[Short descriptive text snippets]

▽

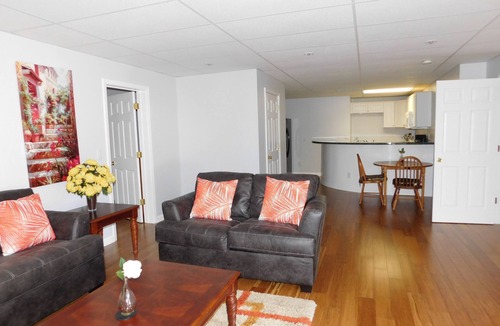 Smyrna House | Upscale area. Close to Braves & Mercedes-Benz Stadium.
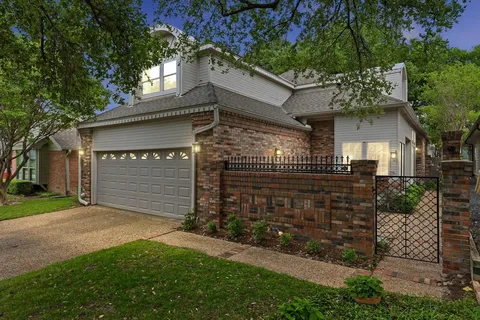 a front view of house with yard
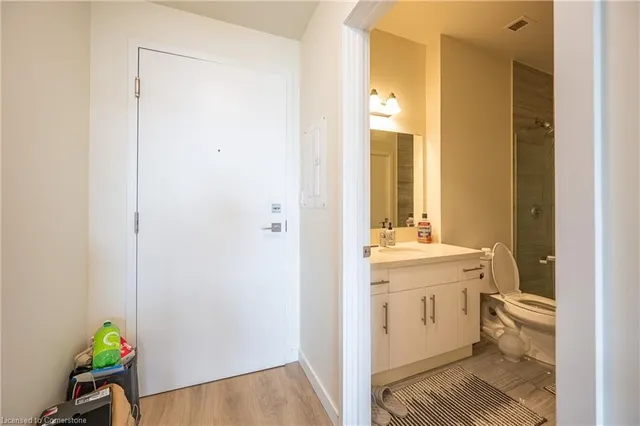 Additional image 6 of 690 King St Unit 602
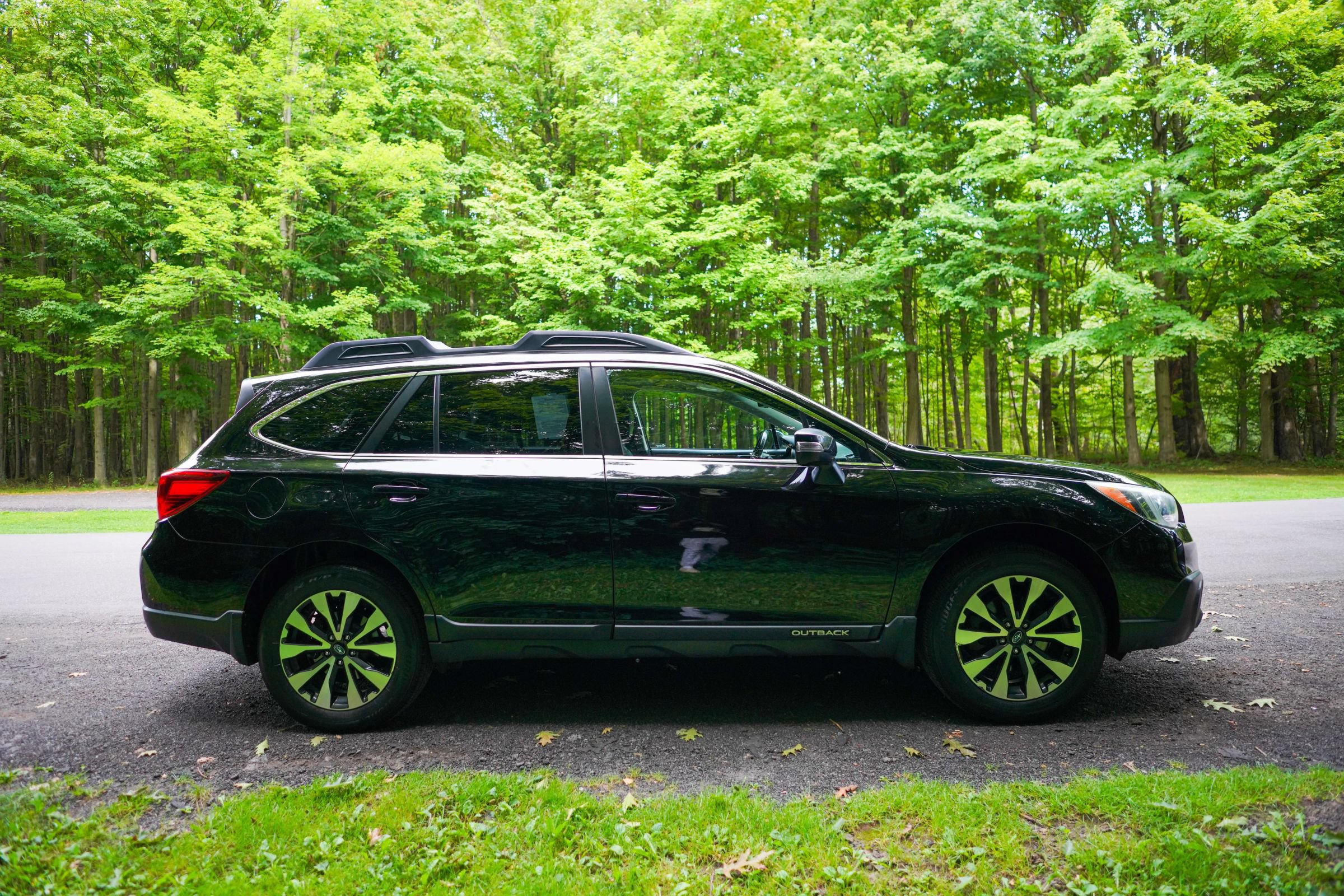 Used 2017 Subaru Outback 2.5i Limited AWD/4WD image 4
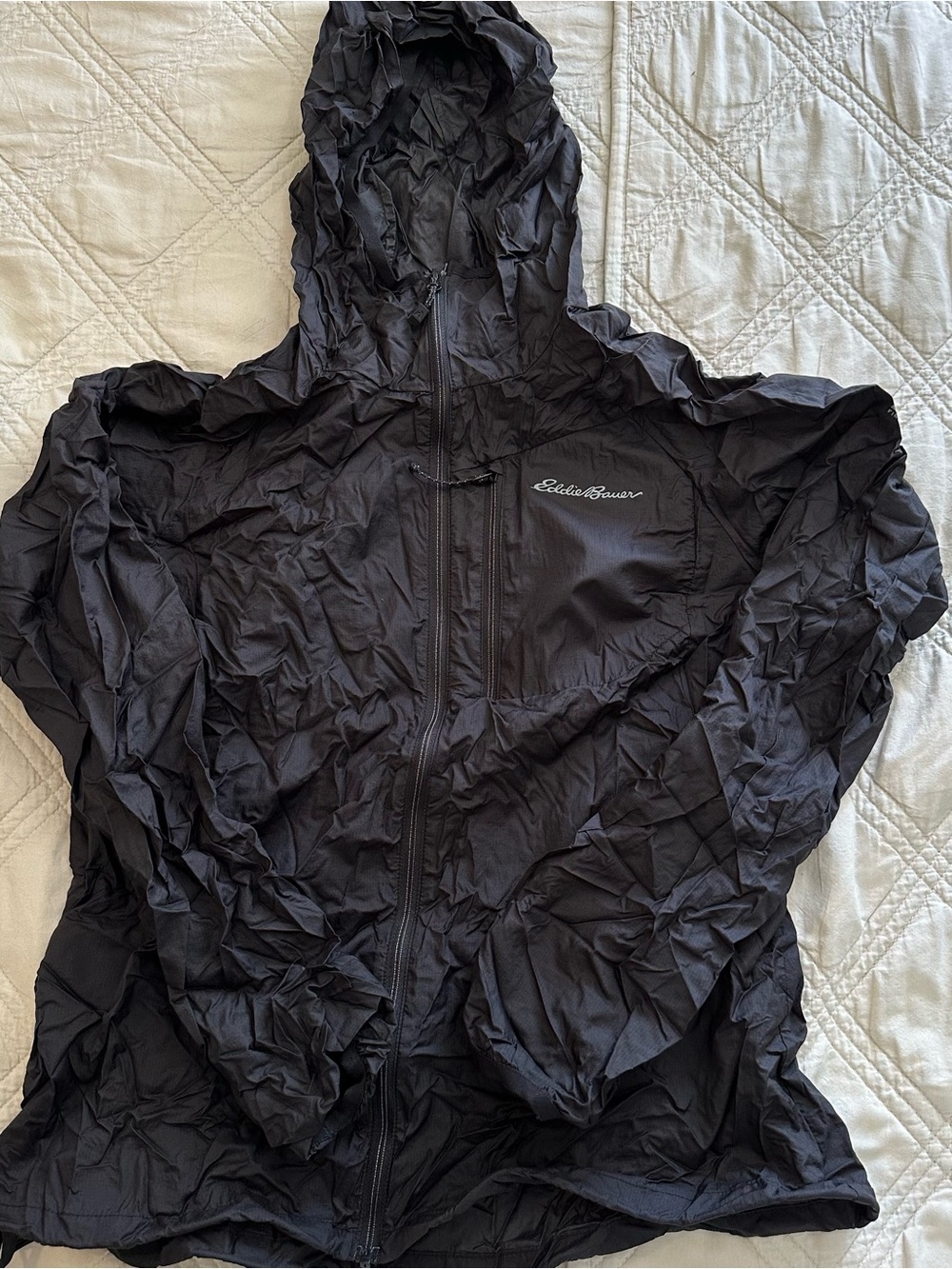 Eddie Bauer Black Packable Rain Jacket / Windbreaker / Coat (Folds into Pocket)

△

● WHAT TO DO:
The lines from the one holding "Used 2017 Subaru" through the end of the entries are to be transcribed exactly, both ends included, with the pictures left out.

● TASK OUTPUT:
 Used 2017 Subaru Outback 2.5i Limited AWD/4WD image 4
 Eddie Bauer Black Packable Rain Jacket / Windbreaker / Coat (Folds into Pocket)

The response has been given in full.